What to do: Your answer must consist of exactly the lines below, starting with the line with "walking near me in Johnson Park in summer" and going on through the line with "Детская шапка Reima", and nothing else.

Data for processing:
* * * * * * * * *

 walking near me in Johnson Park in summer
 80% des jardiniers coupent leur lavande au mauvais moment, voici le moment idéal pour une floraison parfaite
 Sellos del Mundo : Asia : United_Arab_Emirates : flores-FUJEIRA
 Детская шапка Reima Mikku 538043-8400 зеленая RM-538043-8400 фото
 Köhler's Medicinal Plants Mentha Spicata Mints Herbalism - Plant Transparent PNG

* * * * * * * * *

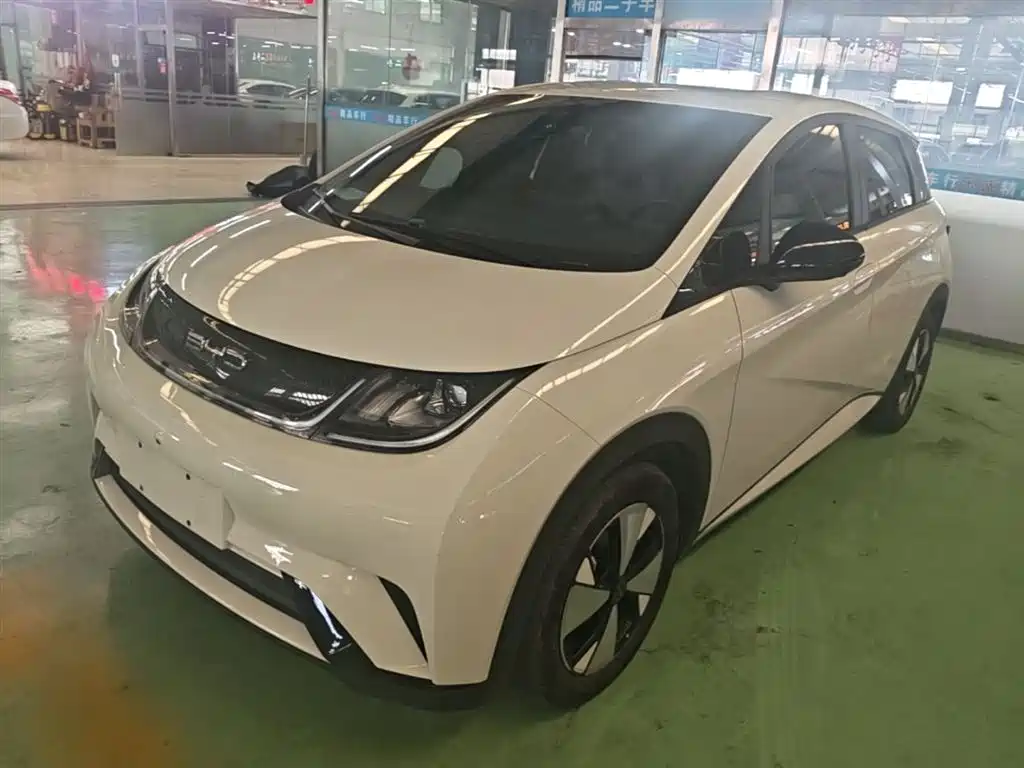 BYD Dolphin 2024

* * * * * * * * *

Written reply:
 walking near me in Johnson Park in summer
 80% des jardiniers coupent leur lavande au mauvais moment, voici le moment idéal pour une floraison parfaite
 Sellos del Mundo : Asia : United_Arab_Emirates : flores-FUJEIRA
 Детская шапка Reima Mikku 538043-8400 зеленая RM-538043-8400 фото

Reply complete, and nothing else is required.